[Web page caption snippets]
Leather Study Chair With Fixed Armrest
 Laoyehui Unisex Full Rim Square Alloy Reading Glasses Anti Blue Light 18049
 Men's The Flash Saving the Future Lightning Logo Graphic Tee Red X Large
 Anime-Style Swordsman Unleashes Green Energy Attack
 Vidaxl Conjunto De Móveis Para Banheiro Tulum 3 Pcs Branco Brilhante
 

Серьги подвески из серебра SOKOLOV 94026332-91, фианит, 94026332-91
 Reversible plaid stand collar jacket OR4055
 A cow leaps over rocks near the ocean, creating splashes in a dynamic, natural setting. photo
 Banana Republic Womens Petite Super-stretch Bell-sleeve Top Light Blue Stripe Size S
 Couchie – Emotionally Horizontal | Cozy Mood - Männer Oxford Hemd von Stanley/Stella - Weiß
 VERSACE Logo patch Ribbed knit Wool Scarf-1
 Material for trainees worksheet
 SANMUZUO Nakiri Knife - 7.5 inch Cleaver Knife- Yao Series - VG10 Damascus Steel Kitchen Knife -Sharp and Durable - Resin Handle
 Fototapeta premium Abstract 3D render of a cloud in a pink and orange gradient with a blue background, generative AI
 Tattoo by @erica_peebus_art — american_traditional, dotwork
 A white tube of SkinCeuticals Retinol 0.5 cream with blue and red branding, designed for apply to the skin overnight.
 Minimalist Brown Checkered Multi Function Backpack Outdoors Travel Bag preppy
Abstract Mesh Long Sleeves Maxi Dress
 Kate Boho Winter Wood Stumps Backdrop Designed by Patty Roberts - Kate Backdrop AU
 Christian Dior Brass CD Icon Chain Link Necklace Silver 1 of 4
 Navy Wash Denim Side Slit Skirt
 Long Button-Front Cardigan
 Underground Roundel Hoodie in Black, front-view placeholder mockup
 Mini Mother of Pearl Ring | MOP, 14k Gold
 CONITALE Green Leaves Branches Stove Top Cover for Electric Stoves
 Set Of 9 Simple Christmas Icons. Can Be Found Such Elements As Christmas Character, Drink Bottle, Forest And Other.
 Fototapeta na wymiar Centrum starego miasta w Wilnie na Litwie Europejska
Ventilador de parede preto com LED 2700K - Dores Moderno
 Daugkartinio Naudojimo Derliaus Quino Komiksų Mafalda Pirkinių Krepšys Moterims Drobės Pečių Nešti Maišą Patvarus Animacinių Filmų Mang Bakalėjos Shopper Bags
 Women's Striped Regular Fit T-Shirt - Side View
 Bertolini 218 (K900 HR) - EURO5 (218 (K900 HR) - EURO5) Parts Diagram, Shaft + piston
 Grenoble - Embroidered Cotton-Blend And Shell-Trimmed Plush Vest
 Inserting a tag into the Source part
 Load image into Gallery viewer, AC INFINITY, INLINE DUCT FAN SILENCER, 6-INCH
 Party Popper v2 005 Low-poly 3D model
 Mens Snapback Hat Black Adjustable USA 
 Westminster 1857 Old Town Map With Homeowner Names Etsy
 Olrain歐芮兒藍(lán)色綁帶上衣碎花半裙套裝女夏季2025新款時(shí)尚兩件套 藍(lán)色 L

▶ **WORK TASK**
When you reach the line holding "Tattoo by @erica_peebus_art" in the records above, begin reproducing exactly, stop after the line holding "CONITALE Green Leaves", and output nothing else.

▶ **YOUR RESPONSE**
 Tattoo by @erica_peebus_art — american_traditional, dotwork
 A white tube of SkinCeuticals Retinol 0.5 cream with blue and red branding, designed for apply to the skin overnight.
 Minimalist Brown Checkered Multi Function Backpack Outdoors Travel Bag preppy
Abstract Mesh Long Sleeves Maxi Dress
 Kate Boho Winter Wood Stumps Backdrop Designed by Patty Roberts - Kate Backdrop AU
 Christian Dior Brass CD Icon Chain Link Necklace Silver 1 of 4
 Navy Wash Denim Side Slit Skirt
 Long Button-Front Cardigan
 Underground Roundel Hoodie in Black, front-view placeholder mockup
 Mini Mother of Pearl Ring | MOP, 14k Gold
 CONITALE Green Leaves Branches Stove Top Cover for Electric Stoves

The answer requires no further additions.